Many forces are at work to keep modern living in flux—moveable, unsettled and ungrounded.  It takes effort to live by the Benedict Rule, because it is the ideal way of life.  It should be the goal of every community to be one where people treat each other as sacred gifts from God.  The New Yorker tells about a man, Rod Dreher, who lived in St. Francisville and was converted to the Eastern Orthodox faith.  He gave leadership to the community in their quest for wholeness.  He went through the process of forgiving those who had wronged him, and making the community of St. Francisville a caring community where people look out for each other.

 

The St. Benedict Rule is a one-party system.  Christ is the Head.  We live and let live.  We love and promote unselfish love.  If you live by the St. Benedict Rule, you seek to love God with all your heart and soul and mind, and to love your neighbor as yourself.

 

“God is everywhere, all the time, and thus every element of our ordinary day is potentially holy.  Very few of us believe that and/or act on it. Benedict urges us both to believe and so to act.  It is an enormous challenge, involving life-long response, and yet it is very simple and can begin this very moment,” (‘Preferring Christ, a Devotional Commentary on St. Benedict’by N. Vest).

 

Looking at this Benedict Rule in today’s terms would look something like this: you treat everyone with respect and courtesy.  If you are married, you treat your husband like a king and he treats you like a queen.  You treat your children with understanding, careful guidance and love.  They are sacred gifts. And since you have them under your care for such a brief time, you teach them that the world around them is to be cared for, not abused.  You teach them that animals have a place in the universe and you help protect them from becoming extinct.  Profanity is the act of killing, stealing and undermining the sacredness of human life.

 

I am grateful for Jane Ann and her enthusiasm over “The Rule”.  It has helped me to be a better person, even though I may have a long way to go.  It is a total make-over.
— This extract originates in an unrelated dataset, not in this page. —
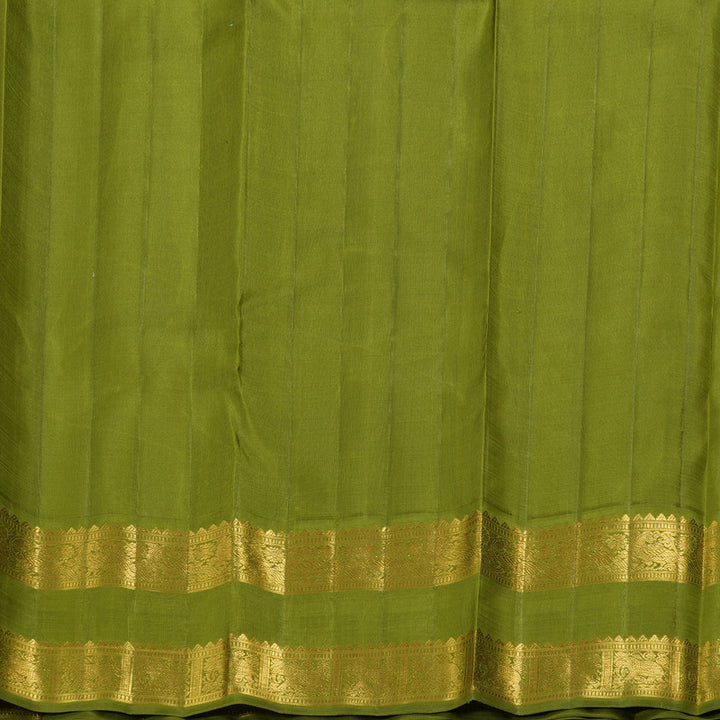 Hayagrivas Handloom Kanjivaram Silk Saree BBD841I1-4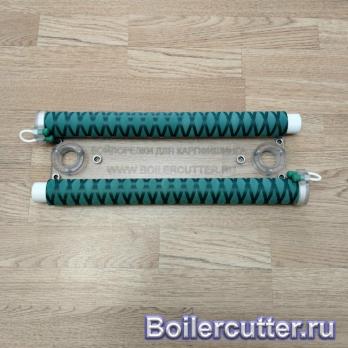 Подставка двойная с фиксацией удилища, в термоусадке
It gives without expecting anything in return.  It loves unconditionally.  It isn’t crude, profane or greedy in any form.  It sees oneself as a special act of Creation, and looks out for the other person’s welfare and happiness.  It resists being labeled.

 

Learn all you can about the Benedict Rule. It certainly is worth striving for.  And, I think she’s right…it is the answer to that which troubles us in the world today.  Amen.